体は布団の中の暖かさを、顔は部屋の冷凍庫の様な空気を感じていた。



もう転校するし、言っても良かったかな。


いやでも、周りにどんな目で見られるかわからないし。


今回もうまくやった。よくやった。



和は考え事をしてすぐ眠れない。



賢は今頃永仁に甘えてるのかな。



和は冷たい空気を一気に吸い、賢のことを考えて眠りについた。






1月17日 朝7時


皆んなが目を擦りながら起き上がった。


夜中までスマブラで騒ぎ立てていた様子とは反対に、朝は静かでどこかしんみりしていた。

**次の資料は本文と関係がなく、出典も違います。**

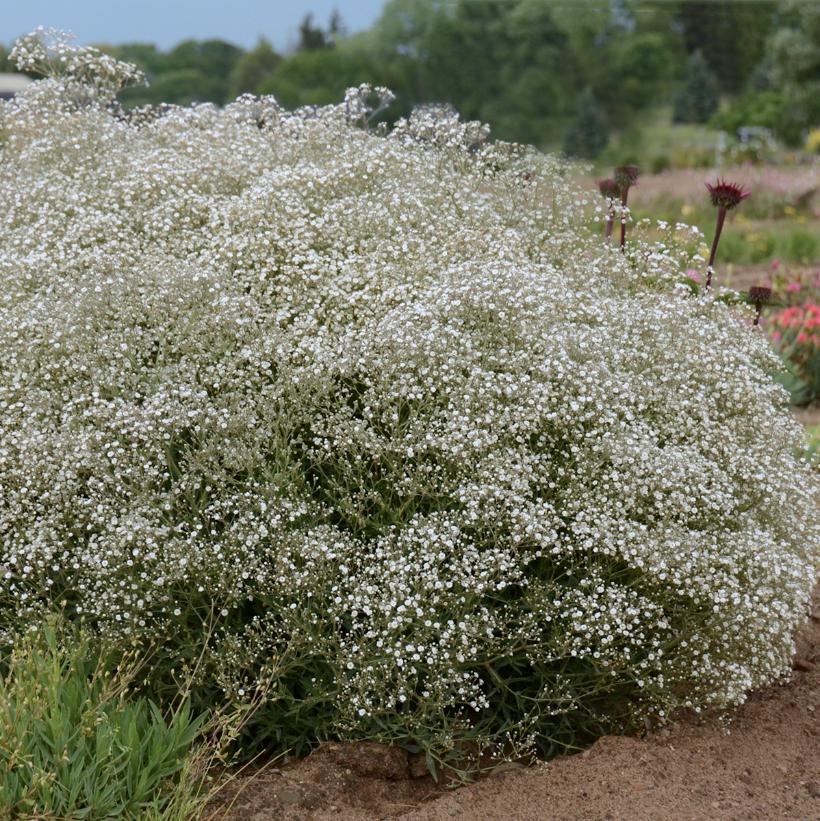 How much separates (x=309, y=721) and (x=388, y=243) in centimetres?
263

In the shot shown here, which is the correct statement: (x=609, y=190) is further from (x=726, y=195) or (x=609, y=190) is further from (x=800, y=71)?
(x=800, y=71)

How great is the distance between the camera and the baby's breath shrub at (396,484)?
4.69 metres

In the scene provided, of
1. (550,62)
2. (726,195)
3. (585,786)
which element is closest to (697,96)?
(550,62)

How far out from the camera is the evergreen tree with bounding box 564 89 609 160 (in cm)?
5028

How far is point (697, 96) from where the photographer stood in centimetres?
6038

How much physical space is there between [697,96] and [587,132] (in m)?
13.2

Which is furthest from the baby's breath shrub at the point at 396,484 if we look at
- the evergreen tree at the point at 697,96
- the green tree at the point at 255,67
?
the green tree at the point at 255,67

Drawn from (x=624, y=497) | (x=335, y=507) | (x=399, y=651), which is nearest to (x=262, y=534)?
(x=335, y=507)

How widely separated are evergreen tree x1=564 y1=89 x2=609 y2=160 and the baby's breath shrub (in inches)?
1789

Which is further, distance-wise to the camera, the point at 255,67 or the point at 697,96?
the point at 255,67

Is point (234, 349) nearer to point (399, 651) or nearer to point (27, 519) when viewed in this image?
point (27, 519)

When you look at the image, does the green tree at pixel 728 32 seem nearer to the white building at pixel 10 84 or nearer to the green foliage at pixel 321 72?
the green foliage at pixel 321 72

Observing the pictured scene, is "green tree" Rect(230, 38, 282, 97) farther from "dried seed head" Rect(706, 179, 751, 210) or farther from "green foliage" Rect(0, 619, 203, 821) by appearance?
"green foliage" Rect(0, 619, 203, 821)

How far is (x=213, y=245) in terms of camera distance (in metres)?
6.02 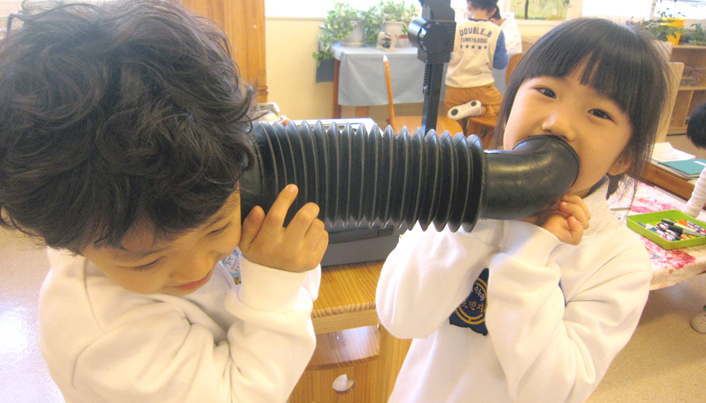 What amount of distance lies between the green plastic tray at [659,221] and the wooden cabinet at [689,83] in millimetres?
3473

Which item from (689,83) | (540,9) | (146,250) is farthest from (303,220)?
(689,83)

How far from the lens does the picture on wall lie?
410cm

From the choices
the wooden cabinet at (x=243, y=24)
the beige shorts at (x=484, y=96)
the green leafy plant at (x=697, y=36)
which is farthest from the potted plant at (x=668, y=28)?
the wooden cabinet at (x=243, y=24)

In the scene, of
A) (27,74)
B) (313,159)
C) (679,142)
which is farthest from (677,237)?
(679,142)

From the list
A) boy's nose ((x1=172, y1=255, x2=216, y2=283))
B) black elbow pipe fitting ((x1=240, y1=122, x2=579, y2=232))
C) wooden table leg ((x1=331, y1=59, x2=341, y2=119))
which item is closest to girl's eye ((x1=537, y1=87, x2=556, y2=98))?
black elbow pipe fitting ((x1=240, y1=122, x2=579, y2=232))

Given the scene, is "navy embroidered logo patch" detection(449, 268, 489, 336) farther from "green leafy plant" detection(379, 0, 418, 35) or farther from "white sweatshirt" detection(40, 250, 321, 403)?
"green leafy plant" detection(379, 0, 418, 35)

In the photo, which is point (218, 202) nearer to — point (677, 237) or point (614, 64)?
point (614, 64)

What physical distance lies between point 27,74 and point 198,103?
13cm

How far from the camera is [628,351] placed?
6.09 ft

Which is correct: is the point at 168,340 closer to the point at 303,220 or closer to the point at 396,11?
the point at 303,220

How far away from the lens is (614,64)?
0.58 meters

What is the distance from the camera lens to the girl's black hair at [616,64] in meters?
0.58

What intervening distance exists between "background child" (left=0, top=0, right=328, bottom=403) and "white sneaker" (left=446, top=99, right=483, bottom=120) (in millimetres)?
2785

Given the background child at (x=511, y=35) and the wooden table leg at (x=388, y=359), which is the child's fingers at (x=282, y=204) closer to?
the wooden table leg at (x=388, y=359)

積もりたての雪に朝日が反射して宿の中がオレンジ色だった。


「和ー朝飯食うで」


宿から外の様子を眺めていた和は、オレンジの光に包まれながら温かい朝食を食べに食堂に向かった。




その後、朝食を食べ終えスキー研修は2日目に入った。


「ぐおおおー!?」


松平が顔から転んでいる。


永仁と和は松平を加えて3人でリフトに乗って上に上がった。


「松平くんはなんというか、元気だね」


永仁が松平を見て苦笑いをしている。


「京都の人の嫌味みたいで嫌やわー」


松平と永仁の相性は微妙そうだった。


さっきまで出ていた太陽が雲に隠れ、スキー場には雪がちらついている。


「賢は昨日の夜どうだった」


和が永仁に聞いた。


「疲れてたのかいつもにまして甘々だったかも」


和はスキーの板に足をはめながら


「もう一回くらい見てみたいな」


と言った。


「和、部活辞めたんだっけ。今度写真見せるよ」


永仁も滑る準備をしながら話す。


「あっそういえば昨日賢が女子に告られちゃってさ」


和の手が止まった。


「えー!?そうなん?ほんまなん?」


松平が永仁にくらいつく。


松平が永仁に詰め寄ってる間、和は頭の中が真っ白になっていた。


他の人が滑って雪を削る音も、少しづつ強まっていく風の音も和には聞こえない。


和の頭の中の真っ白な空間にぐちゃぐちゃになった文字が溢れてきた。



そっか。そりゃそうか。



和から賢との思い出が溢れ出てくる。



「えー付き合わなかったのー勿体無ー」


「ちょ静かに。賢も滑ってるんだから」


永仁はあたりを見ながら小さな声で話していた。


「え和どうしたの」


松平に押されていた永仁が和の方に目線をやった。



夢を見てたんだ。


きっと僕を見てる人がいて、可哀想だから夢を見させたんだ。


叶うなんて思ってなかったけど


けど、大事にしていた花が潰されたみたいで、


でも僕はこれから一人で━━



和には永仁の声も聞こえていない。


松平はまじまじと和の様子を見る。


「和って賢のこと好きなの━━━」



松平のその言葉だけが、和の頭の中に入ってきた。


永仁はその言葉にどこか辻褄が合う気がしてハッとした。


「え、っと、賢は一応断っ━━━━━」




「無理だ」


和はストックも持たずに斜面を急降下し始めた。